====== EXERCISE DATA
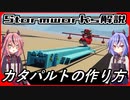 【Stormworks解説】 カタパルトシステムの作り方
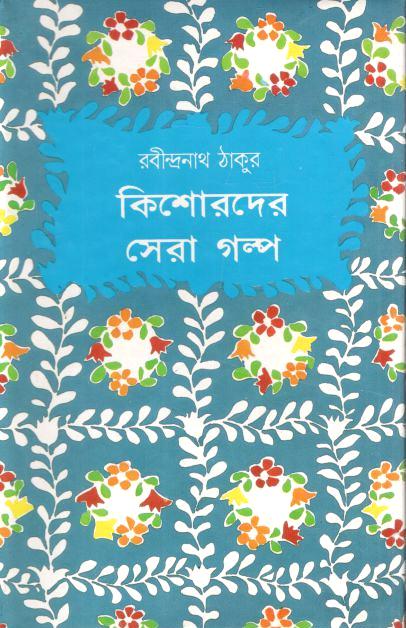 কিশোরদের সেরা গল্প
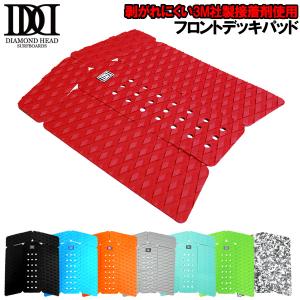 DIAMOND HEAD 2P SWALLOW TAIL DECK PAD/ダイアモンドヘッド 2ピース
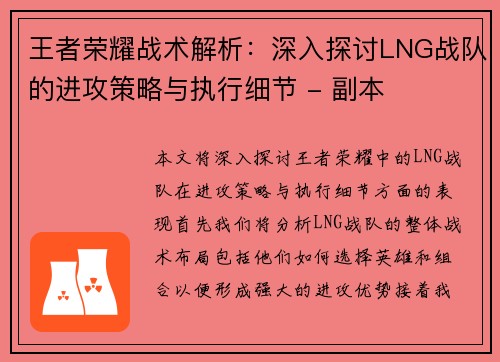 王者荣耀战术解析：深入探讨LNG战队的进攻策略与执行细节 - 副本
============
== YOUR TASK ==
Quote exactly the lines from the one that contains "DIAMOND HEAD 2P" through the end of the listing above, both ends included, leaving out the pictures.

== ANSWER SPACE ==
 DIAMOND HEAD 2P SWALLOW TAIL DECK PAD/ダイアモンドヘッド 2ピース
 王者荣耀战术解析：深入探讨LNG战队的进攻策略与执行细节 - 副本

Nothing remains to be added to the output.